"A Conspiracy of Paper" by David Liss

A series of murders in the sordid London of 1719 lead a "Philip Marlowe in tights" to the financial giants of the day.

Published March 7, 2000 5:00PM (EST)

Something about conspiracies seems peculiarly modern, or rather postmodern. Facts elude verification; the search for the truth -- and sometimes you have to wonder if it really is out there -- can recede into little more than a vague nostalgia for a gentler, simpler time before the proliferation of conspiracy-themed Web sites devoted to everything from the death of Princess Diana to elaborate lies about fluoridation.

But of course the orchestrated collective scheme dates back at least as far as Rome. Conspiracy historians cite the Crusades as one early instance of fears erupting over the possibility of a cabal seeking to manipulate its way into power. The notion gained currency again in the wake of the French Revolution, whose opponents portrayed their enemies as seeking to rule the world by devious means. Seventy years before that, another revolution of sorts was occurring in London, and it's here that David Liss situates the conspiracy that fuels his debut novel, "A Conspiracy of Paper."

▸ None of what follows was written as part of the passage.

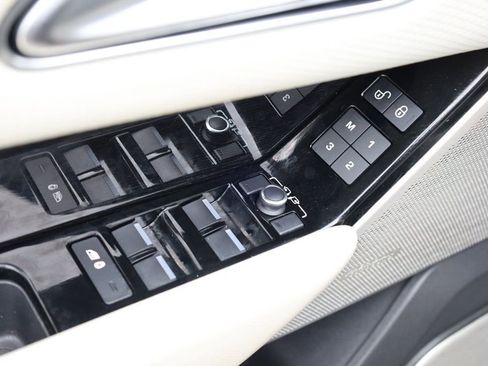 Used 2019 Land Rover Range Rover Velar R-Dynamic SE image 35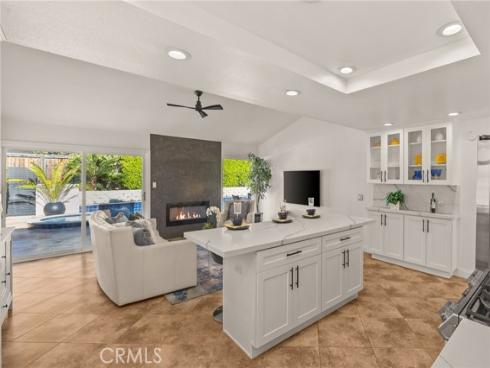 9 Sheridan , Irvine, CA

"The era was one of exuberance as well as turmoil, doom and possibility," Liss writes. "It was a fine time for a man whose livelihood depended on crime and confusion." Early 18th century England (the novel takes place in 1719) was also a time when a new kind of financial order began to flourish, based on stock speculation and credit (as opposed to the established mineral-based economy), which would eventually become the dominant model for the entire industrialized world. Liss conjures a web of deceit involving a series of murders that lead the novel's narrator, Benjamin Weaver (his estranged father, a notorious "stock-jobber," is one of the murder victims), to the murky machinations of the Bank of England and the South Seas Company. "These financial institutions are committed to divesting our money of value and replacing it with promises of value," lectures Weaver's pal and confidant, Elias. "For when they control the promise of value, they control all wealth itself."

It sounds like a great basis for a novel -- and it is. Liss creates a colorful cast, including a real-life figure, Jonathan Wild, the Al Capone of his time, as well as a multifaceted, likable protagonist in Weaver, who is a lapsed Jew, a former pugilist and highwayman and now a "protector, guardian, bailiff, constable-for-hire and thief-taker." (Think of him as a precursor to the modern private detective, a Marlowe in tights.) Unfortunately, however, the novel gets bogged down in formula, explanation and tedious this-is-what-it-all-means conversations between Weaver and Elias, and it never fully lives up to the promise of its premise. Despite the seemingly vast scope, "A Conspiracy of Paper" soon turns into a fairly straightforward mystery offering little surprise and innovation. Worse, the conspiracy at the heart of the book -- which has to do with forged stock certificates -- ultimately isn't all that compelling.

Liss, who is writing his dissertation at Columbia University on how the 18th century British novel shaped the modern idea of personal finance, certainly knows his subject matter, and he does a good job of evoking the seething metropolis. But with the exception of his portrayal of Jewish life there, it's nothing we haven't seen before -- lots of taverns and coffeehouses, dank and dangerous streets, bawdy barmaids and wenches, the appalling conditions of London's infamous Newgate prison, the predictable penchant of those on the lower rungs of society to drop their H's when they speak.

The book is being marketed as a historical thriller along the lines of "The Name of the Rose" and, more recently, "An Instance of the Fingerpost." But Liss, like most novelists who turn to the past for material, doesn't merely employ history for history's sake. "A Conspiracy of Paper" is also intended as a commentary on our own age -- on the volatility of online day trading and overvalued tech stocks and, beyond that, the rampant ambiguity of the contemporary world, which provides such fertile ground for conspiracies. Weaver's musings apply just as much to early 21st century America as they do to London circa 1719: "There were too many connections, too many avenues of villainy. Too many men had too much power and knowledge, but none could be made to answer for their crimes because they hid themselves in endless mazes of deceit and fiction."

The present-day conspiracy theorist couldn't have put it any better. It's just too bad that the plot at the center of "A Conspiracy of Paper" probably wouldn't elicit even a blink from Scully and Mulder.

By Andrew Roe

Andrew Roe has written for the San Francisco Chronicle and other publications.